**What is expected:** Beginning at the line that contains "Festgruss. Gedicht : Seiner", reproduce the entries below exactly, ending with the line that contains "불닭 소스 오리지널, 200g, 5개". Omit each picture.

** Given records follows **

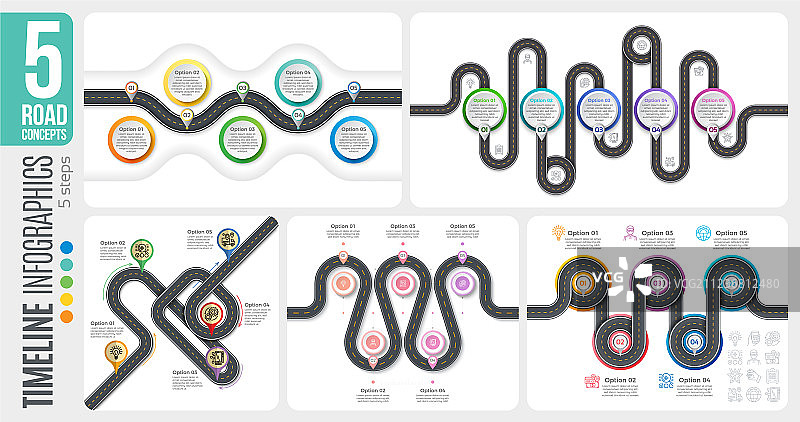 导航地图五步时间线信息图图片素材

** End of Given records **
** Given records follows **

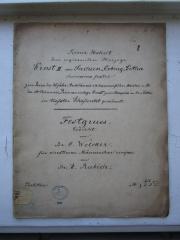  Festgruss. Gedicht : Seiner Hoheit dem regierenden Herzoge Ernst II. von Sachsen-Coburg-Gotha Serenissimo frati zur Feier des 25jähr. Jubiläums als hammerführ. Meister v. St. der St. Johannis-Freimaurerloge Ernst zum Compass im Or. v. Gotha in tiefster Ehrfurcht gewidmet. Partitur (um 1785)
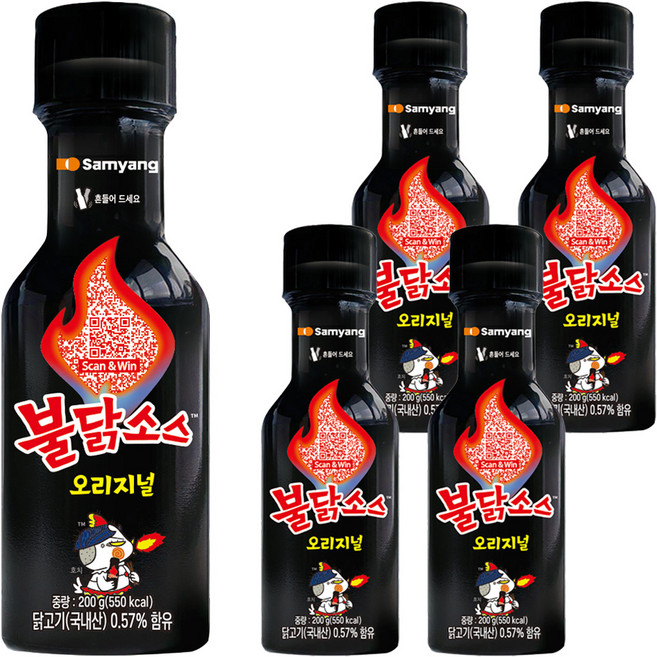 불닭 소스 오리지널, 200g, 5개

** End of Given records **

**Result of this exercise:**
  Festgruss. Gedicht : Seiner Hoheit dem regierenden Herzoge Ernst II. von Sachsen-Coburg-Gotha Serenissimo frati zur Feier des 25jähr. Jubiläums als hammerführ. Meister v. St. der St. Johannis-Freimaurerloge Ernst zum Compass im Or. v. Gotha in tiefster Ehrfurcht gewidmet. Partitur (um 1785)
 불닭 소스 오리지널, 200g, 5개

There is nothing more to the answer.